* [TASK INSTRUCTIONS]
Work through the listing below and give again exactly the lines from the one with "Evolution comparée de" to the one with "高考移民简史从西游记到闯关东东北整治后还能去哪", both ends included. All other lines and all pictures stay out.

* [SUPPLIED INFORMATION]
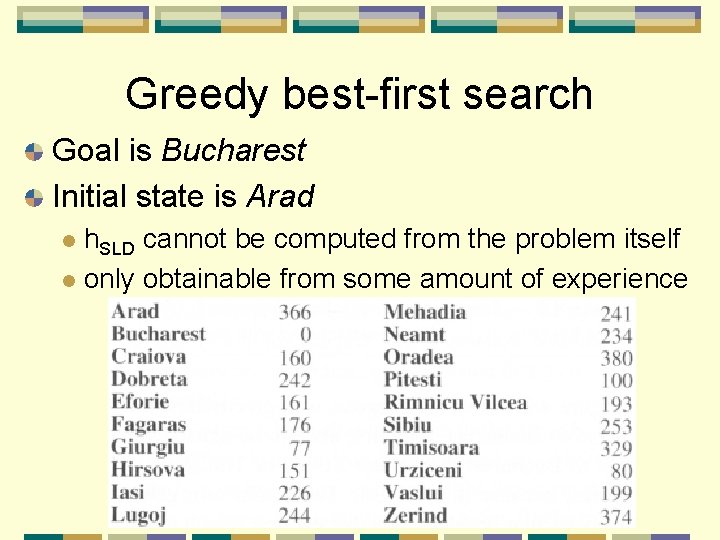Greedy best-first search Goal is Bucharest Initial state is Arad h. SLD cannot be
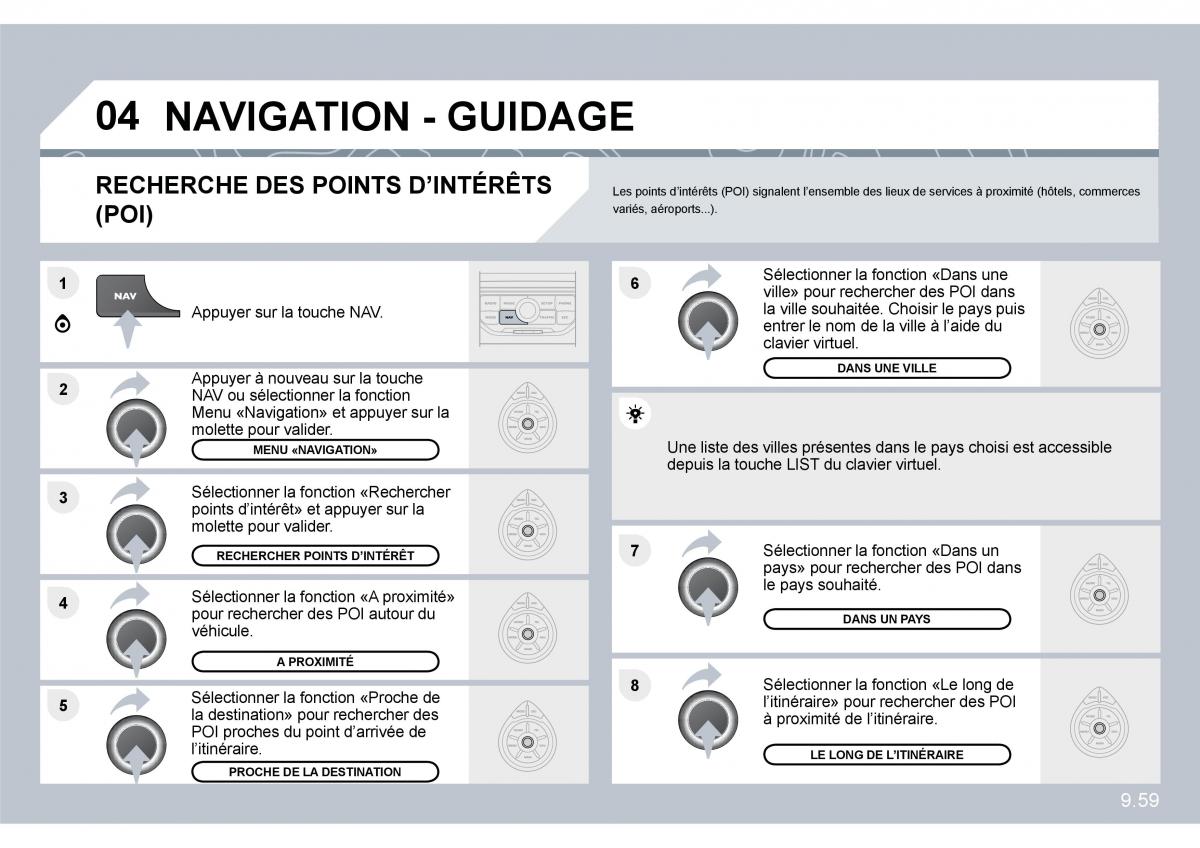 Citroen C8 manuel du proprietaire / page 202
...
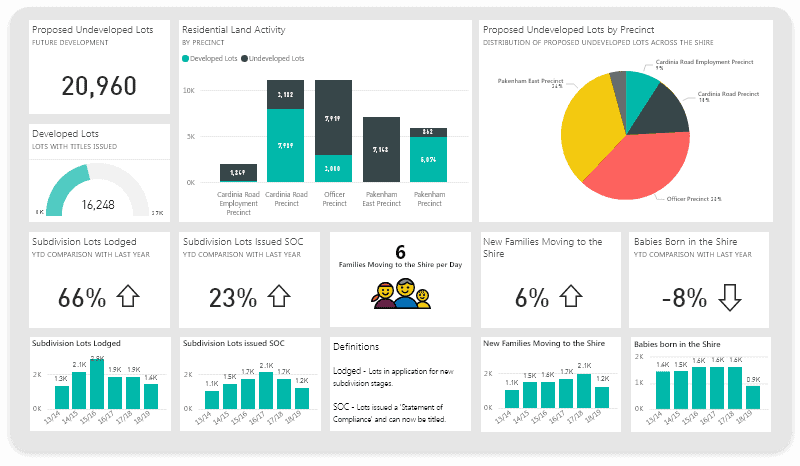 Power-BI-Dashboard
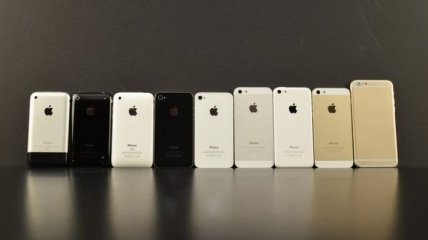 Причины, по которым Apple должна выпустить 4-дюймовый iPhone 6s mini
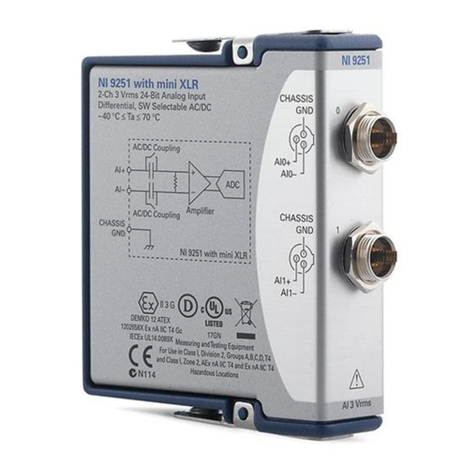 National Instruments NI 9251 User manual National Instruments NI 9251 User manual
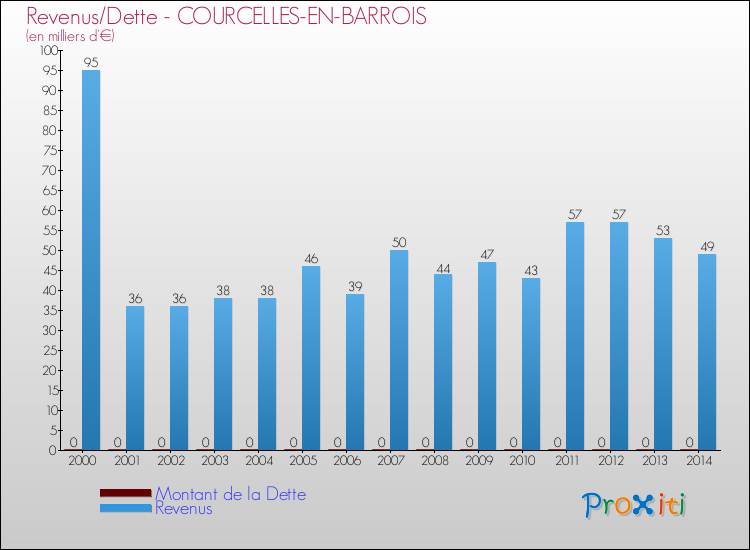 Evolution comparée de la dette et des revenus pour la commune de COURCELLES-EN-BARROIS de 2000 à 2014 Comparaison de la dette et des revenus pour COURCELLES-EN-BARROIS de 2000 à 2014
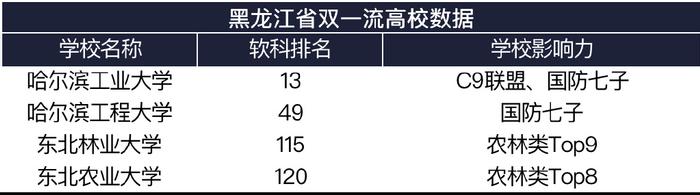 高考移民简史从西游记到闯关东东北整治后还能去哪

* [WRITTEN SOLUTION]
 Evolution comparée de la dette et des revenus pour la commune de COURCELLES-EN-BARROIS de 2000 à 2014 Comparaison de la dette et des revenus pour COURCELLES-EN-BARROIS de 2000 à 2014
 高考移民简史从西游记到闯关东东北整治后还能去哪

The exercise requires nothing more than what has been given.